With more than $100 million in proposed funding and a report card that would track achievement by race, North Carolina school leaders are stepping up efforts to close the persistent test-score gap separating the state’s black and Hispanic students from their white counterparts.
The measures are part of a 10-point plan that state schools Superintendent Michael E. Ward outlined last month before a group of 2,000 educators meeting in Greensboro.
He said the state also plans to: create a permanent advisory committee on raising minority achievement, require every district to draft an annual plan for narrowing racial gaps among its own students, and mobilize teams of experts to work with schools in which African-American and Hispanic students are lagging academically.
“Sometimes, when the community hears us talking about closing the gaps, the presumption is that we’re holding some students at a standstill while others are catching up, but that’s not the model that we’re talking about,” Mr. Ward said last week. “Think of a graph where you have two lines heading upward and converging.”
Out in the Open
North Carolina is in the vanguard of states that have moved the achievement-gap issue up on their policy agendas this year. While test scores have been on the rise among all groups of children since the state launched its new accountability system three years ago, the racial disparities haven’t changed much. And the accountability system, which rewards schools for raising test scores, has made the differences more obvious.
Last spring, only 45 percent of the state’s black students, 52 percent of its Hispanic enrollment, and 50 percent of American Indian students performed at grade level on both the reading and mathematics tests required by the state. The passing rate for white students, in comparison, was much higher—79 percent.
Two months ago, the state school board adopted final plans for a pilot program to test a change in the accountability system that would reward schools based on whether test scores were improving for every racial, ethnic, and socioeconomic subgroup.
The program, borrowed from Texas’ much-publicized accountability system, is set to begin in five districts in the fall and might eventually expand statewide. (“Lifting Minority Achievement: Complex Answers,” April 5, 2000.)
“They are doing more than most states, and over time they have gotten more focused,” Jim Watts, the vice president of the Southern Regional Education Board in Atlanta, said of North Carolina officials. “They’re doing some of the right things that over the long run are going to make a difference.”
The growing interest of state educators in the issue was evident at the April 27 meeting on raising minority achievement. When the annual conference was first launched four years ago, about 175 educators, almost all of them black, attended, state officials said.
This year, the conference drew even the presumptive Republican presidential nominee, Gov. George W. Bush of Texas.
The more than $100 million that Mr. Ward hopes to put into the achievement-gap campaign comes mostly from proposed increases over the next two years in existing programs that serve students who are behind grade level, English-language learners, and special education students.

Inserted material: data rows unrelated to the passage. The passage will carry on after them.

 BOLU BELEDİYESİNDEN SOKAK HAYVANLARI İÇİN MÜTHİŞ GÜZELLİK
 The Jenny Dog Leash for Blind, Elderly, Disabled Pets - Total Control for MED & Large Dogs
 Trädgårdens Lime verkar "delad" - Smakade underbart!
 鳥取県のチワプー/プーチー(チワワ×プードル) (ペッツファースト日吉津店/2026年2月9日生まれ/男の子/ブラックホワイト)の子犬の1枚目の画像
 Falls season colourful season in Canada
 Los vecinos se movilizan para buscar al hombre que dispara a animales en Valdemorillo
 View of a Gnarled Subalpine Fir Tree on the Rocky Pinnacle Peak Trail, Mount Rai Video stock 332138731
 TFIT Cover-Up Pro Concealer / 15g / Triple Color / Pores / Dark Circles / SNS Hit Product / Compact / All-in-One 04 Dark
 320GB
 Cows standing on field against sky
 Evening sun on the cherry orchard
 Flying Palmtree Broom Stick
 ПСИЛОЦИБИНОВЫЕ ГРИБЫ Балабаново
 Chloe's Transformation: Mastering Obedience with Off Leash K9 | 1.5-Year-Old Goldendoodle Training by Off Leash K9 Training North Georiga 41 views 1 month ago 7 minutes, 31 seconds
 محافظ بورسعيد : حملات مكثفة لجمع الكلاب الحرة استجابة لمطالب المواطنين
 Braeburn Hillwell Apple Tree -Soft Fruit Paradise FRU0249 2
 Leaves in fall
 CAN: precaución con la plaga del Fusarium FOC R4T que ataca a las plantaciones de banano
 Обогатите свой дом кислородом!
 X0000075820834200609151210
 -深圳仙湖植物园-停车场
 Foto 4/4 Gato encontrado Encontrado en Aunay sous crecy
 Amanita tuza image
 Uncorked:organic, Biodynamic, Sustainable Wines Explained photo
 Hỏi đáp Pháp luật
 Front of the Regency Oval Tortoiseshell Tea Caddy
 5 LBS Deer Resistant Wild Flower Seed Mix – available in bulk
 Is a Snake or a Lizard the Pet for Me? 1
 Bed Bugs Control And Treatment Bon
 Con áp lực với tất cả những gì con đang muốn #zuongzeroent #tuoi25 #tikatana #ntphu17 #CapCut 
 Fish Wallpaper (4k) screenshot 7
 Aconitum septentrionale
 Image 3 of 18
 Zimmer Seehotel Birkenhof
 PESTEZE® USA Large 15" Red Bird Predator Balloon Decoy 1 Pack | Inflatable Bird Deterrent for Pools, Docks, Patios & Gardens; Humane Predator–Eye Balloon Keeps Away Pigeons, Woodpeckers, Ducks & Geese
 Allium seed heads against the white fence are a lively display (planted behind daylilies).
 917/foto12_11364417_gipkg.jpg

In addition, the schools chief said, the state will make $4 million in federal aid available to schools this year to help start their efforts.
Closing the achievement gap has become more urgent in North Carolina this year with the impending end of “social promotion,” the practice of allowing failing students to advance to the next grade.
Beginning with the next school year, such promotions will be phased out for the state’s students, beginning with 5th graders.